---------- STUDY MATERIAL

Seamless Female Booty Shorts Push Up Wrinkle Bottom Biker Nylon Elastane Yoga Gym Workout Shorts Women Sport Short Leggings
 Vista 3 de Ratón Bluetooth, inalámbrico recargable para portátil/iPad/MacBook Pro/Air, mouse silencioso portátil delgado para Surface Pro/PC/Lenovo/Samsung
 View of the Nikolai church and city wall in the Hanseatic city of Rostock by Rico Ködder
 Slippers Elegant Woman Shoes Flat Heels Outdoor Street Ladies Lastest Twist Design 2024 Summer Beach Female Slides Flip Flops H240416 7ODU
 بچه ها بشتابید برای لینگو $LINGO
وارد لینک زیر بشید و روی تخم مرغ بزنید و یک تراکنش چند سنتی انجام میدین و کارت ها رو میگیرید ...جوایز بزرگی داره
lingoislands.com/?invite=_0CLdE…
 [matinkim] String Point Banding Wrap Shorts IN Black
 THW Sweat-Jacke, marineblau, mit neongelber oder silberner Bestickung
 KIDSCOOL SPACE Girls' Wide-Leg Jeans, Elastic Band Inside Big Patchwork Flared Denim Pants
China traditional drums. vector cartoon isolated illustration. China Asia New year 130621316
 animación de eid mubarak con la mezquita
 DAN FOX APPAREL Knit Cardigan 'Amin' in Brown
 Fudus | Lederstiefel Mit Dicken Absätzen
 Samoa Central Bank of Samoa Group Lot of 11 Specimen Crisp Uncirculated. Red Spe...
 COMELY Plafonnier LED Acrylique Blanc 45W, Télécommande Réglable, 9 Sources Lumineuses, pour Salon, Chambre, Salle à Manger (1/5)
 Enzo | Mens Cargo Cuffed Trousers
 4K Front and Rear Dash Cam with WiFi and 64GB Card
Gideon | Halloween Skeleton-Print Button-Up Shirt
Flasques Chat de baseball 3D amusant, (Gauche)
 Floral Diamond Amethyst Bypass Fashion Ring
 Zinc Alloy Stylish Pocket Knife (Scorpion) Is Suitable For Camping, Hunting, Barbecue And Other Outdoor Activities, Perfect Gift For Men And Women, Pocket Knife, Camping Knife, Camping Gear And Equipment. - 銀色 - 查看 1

--------------------

ACTIVITY:
Within the data above, determine the number of lines that contain the word "Female"; write only that number.

SOLVED EXERCISE:
2